───── Dataset section ─────

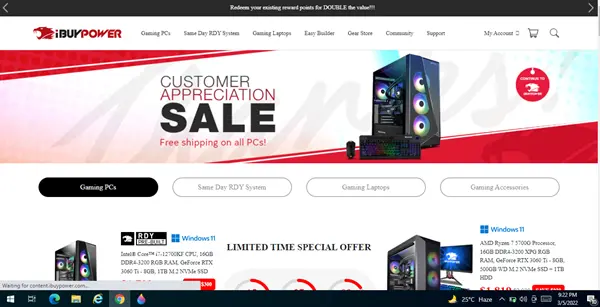 Click here to know more about best custom PC builder. Build your own PC using this websites.
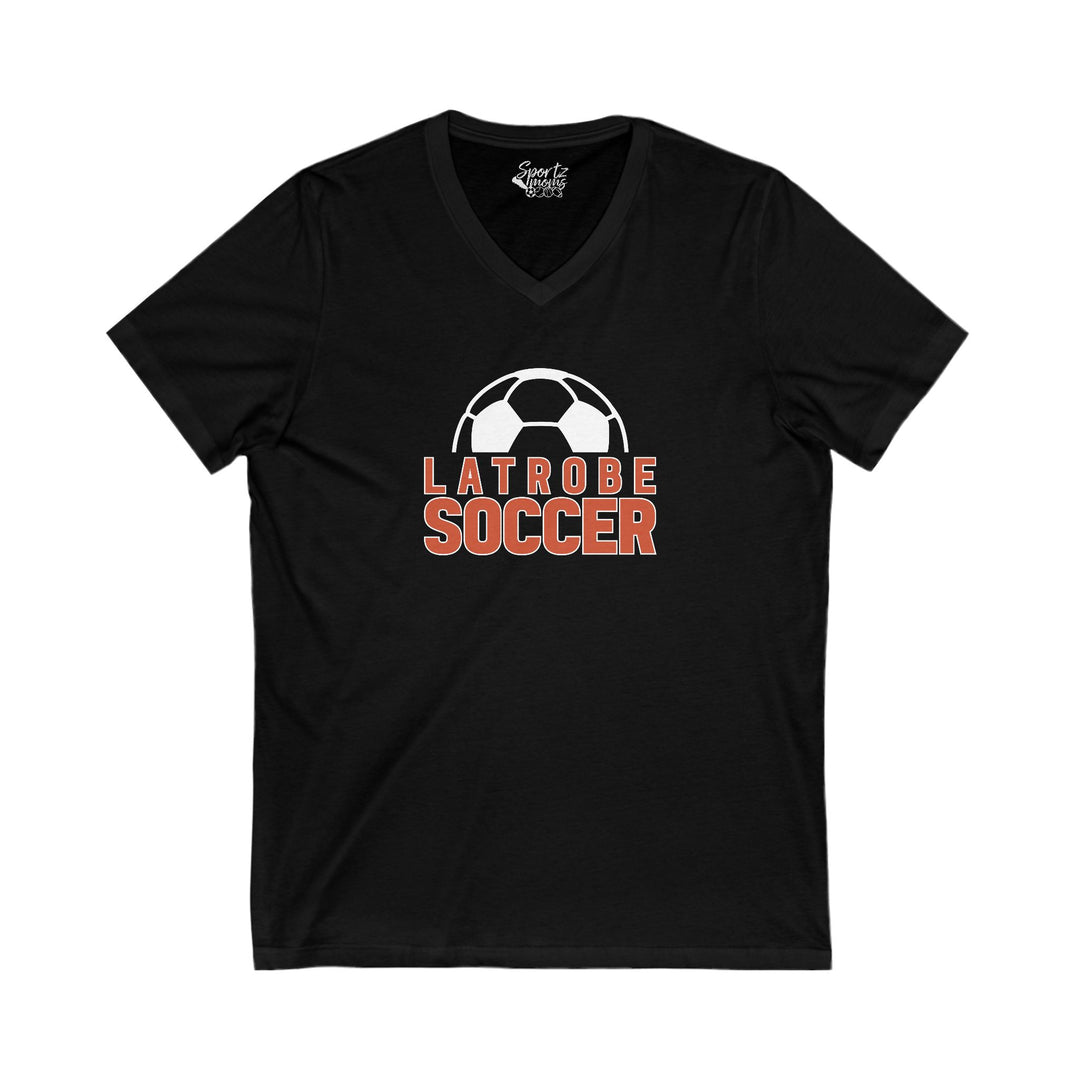 Greater Latrobe Girls Soccer Adult Women's V-Neck T-Shirt
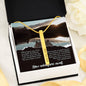 Recovery Is A Journey Customizable Vertical Stick Necklace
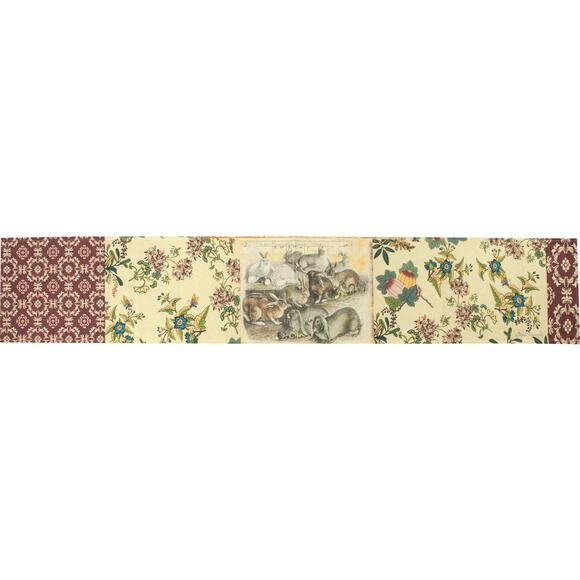 Bunnies Rabbit Field Day Table Runner 4 Seasons Indoor Outdoor Tan 13x72" NEW - Picture 6 of 6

─────

Exercise directions:
The whole listing above must be duplicated word for word, apart from its pictures.

Answer section:
 Click here to know more about best custom PC builder. Build your own PC using this websites.
 Greater Latrobe Girls Soccer Adult Women's V-Neck T-Shirt
 Recovery Is A Journey Customizable Vertical Stick Necklace
 Bunnies Rabbit Field Day Table Runner 4 Seasons Indoor Outdoor Tan 13x72" NEW - Picture 6 of 6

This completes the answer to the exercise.